(Short text fragments from websites)
--*--

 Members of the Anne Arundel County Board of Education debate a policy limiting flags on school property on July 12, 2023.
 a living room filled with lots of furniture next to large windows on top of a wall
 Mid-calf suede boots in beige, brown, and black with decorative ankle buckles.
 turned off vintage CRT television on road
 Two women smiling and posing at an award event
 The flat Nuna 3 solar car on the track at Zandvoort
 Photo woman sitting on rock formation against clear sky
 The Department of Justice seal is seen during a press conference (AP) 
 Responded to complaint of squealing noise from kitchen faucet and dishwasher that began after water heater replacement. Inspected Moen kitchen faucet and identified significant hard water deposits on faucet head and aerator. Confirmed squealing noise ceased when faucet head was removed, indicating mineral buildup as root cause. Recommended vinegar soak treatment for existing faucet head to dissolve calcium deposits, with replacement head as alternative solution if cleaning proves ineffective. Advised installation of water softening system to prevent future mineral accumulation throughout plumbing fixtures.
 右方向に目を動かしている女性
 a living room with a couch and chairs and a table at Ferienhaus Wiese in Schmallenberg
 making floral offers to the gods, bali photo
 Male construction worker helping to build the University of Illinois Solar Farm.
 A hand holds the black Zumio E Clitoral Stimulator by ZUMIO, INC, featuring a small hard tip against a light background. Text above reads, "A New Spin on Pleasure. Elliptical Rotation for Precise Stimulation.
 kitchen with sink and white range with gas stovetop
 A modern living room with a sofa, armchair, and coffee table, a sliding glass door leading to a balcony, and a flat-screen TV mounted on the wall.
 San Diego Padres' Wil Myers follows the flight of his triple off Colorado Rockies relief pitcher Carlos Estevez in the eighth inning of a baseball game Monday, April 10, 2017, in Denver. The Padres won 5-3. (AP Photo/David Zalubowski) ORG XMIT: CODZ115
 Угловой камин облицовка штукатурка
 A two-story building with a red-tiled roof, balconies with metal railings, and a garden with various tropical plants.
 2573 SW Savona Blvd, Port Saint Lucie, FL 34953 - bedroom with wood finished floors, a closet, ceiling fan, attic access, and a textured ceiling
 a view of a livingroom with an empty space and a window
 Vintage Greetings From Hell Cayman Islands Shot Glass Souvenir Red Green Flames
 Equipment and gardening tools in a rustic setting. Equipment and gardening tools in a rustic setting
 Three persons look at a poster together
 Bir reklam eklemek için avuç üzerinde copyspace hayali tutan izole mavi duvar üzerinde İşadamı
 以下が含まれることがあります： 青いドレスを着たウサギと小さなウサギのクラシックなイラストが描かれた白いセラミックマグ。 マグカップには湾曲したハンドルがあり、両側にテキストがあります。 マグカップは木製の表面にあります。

--*--

= Your objective =
Which lines in the records above contain the word "against"? Copy each one.

= Result below =
 Photo woman sitting on rock formation against clear sky
 A hand holds the black Zumio E Clitoral Stimulator by ZUMIO, INC, featuring a small hard tip against a light background. Text above reads, "A New Spin on Pleasure. Elliptical Rotation for Precise Stimulation.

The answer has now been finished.